Jika citra perguruan tinggi merosot karena obrol gelar kehormatan: masyarakat umum justru akan mencari justifikasi tentang hal-hal penting bagi kehidupan mereka ke pihak yang tidak otoritatif. Misalnya orang awam akan cari ilmu pengetahuan di Tiktok, influencer, selebgram, dan lainnya.

“Ini bahaya, karena masyarakat bisa tersesat lebih jauh,” sambung Edi.

Pada 2013, muncul Peraturan Menteri Pendidikan dan Kebudayaan Nomor 21 Tahun 2013 tentang Pemberian Gelar Doktor Kehormatan. Dalam aturan disebut, kampus harus memiliki program doktoral di bidang yang sama dengan sosok yang akan diberikan gelar D.HC. Pada Pasal 4, sosok yang akan diberi gelar harus minimal sarjana, memiliki moral, etika, dan kepribadian yang baik, serta cinta tanah air.

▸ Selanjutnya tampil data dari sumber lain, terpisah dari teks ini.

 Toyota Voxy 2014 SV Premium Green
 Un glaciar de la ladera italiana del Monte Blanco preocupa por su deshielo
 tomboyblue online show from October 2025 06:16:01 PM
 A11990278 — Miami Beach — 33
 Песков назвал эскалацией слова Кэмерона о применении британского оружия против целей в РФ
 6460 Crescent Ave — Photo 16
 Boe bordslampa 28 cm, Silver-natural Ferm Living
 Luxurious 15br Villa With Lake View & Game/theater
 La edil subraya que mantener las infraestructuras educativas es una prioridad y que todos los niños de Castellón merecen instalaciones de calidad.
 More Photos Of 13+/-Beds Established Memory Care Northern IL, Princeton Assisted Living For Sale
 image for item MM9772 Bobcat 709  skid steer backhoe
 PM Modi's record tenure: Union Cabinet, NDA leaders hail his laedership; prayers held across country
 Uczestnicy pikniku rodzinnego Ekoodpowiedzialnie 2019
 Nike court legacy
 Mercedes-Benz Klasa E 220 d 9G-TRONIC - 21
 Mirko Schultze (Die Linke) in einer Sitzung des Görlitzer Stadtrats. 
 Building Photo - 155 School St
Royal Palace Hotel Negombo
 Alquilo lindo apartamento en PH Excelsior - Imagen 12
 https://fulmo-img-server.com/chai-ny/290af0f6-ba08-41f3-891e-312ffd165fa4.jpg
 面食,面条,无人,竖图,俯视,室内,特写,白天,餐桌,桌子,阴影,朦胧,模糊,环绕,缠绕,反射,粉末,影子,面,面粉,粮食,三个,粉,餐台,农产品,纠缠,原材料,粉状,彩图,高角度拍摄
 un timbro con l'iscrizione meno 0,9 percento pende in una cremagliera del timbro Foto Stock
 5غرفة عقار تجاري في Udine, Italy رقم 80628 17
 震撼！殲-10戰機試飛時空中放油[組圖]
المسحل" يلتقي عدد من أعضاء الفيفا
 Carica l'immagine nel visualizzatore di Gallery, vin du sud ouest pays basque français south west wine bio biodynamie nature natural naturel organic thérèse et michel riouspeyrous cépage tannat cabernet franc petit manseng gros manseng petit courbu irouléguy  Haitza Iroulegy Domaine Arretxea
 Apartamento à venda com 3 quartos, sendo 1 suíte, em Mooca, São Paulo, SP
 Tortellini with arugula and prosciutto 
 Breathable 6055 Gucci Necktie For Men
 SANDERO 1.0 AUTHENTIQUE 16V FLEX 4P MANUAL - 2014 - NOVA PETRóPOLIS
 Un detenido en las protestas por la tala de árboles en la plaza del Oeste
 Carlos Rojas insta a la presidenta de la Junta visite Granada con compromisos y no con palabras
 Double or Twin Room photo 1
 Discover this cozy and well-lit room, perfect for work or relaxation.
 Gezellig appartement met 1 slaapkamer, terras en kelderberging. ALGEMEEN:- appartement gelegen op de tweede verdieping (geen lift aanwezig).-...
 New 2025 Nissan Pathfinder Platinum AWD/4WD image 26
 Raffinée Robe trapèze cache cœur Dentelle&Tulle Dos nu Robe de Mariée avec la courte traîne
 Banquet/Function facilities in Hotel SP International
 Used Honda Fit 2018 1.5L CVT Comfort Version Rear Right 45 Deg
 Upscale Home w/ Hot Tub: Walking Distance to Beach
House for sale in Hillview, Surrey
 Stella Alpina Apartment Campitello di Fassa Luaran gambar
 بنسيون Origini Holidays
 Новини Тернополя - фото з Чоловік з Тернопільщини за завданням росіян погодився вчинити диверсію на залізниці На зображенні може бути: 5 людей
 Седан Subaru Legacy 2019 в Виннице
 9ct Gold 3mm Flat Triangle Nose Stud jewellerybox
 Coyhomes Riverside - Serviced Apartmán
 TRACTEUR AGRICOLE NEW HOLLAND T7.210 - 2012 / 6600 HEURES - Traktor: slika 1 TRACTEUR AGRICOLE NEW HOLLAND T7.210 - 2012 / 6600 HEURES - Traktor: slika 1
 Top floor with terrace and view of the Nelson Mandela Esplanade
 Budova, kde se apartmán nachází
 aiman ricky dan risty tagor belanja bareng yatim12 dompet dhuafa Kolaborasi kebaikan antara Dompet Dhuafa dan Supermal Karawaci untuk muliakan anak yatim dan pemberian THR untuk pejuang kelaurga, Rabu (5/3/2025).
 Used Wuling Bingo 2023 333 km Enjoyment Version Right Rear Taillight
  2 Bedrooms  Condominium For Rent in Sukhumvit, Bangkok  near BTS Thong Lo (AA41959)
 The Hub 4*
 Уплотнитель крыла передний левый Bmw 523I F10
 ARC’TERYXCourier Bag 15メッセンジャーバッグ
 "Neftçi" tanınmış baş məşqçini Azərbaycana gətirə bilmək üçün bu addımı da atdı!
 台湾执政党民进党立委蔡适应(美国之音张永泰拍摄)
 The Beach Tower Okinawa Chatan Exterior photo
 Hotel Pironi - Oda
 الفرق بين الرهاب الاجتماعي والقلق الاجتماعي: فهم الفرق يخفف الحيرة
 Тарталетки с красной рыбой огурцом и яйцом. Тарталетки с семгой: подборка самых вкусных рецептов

Pasal 5 menjelaskan mekanisme pemberian gelar. Salah satunya harus disetujui oleh Direktur Jenderal Pendidikan Tinggi. Pada 2016, terbit lagi peraturan baru, yaitu Peraturan Menristekdikti Nomor 65 Tahun 2016 tentang Gelar Doktor Kehormatan, yang diteken oleh Mohamad Nasir.

Dalam aturan yang membatalkan aturan 2013 ini, tata cara dan syarat pemberian gelar diserahkan kepada kampus masing-masing. Aturan mengenai persetujuan dari kementerian dihapus. Kementerian hanya berwenang mencabut gelar itu jika terbukti tidak memenuhi syarat.

Menurut Edi, aturan tersebut membuat setiap kampus memiliki syarat berbeda-beda terkait pengajuan dan penganugerahan gelar doktor maupun guru besar kehormatan. Namun, Edi menilai aturan ini relatif sudah baik, sebab kampus jadi memiliki kewenangan dan tanggung jawab otonom membuat aturan yang jelas.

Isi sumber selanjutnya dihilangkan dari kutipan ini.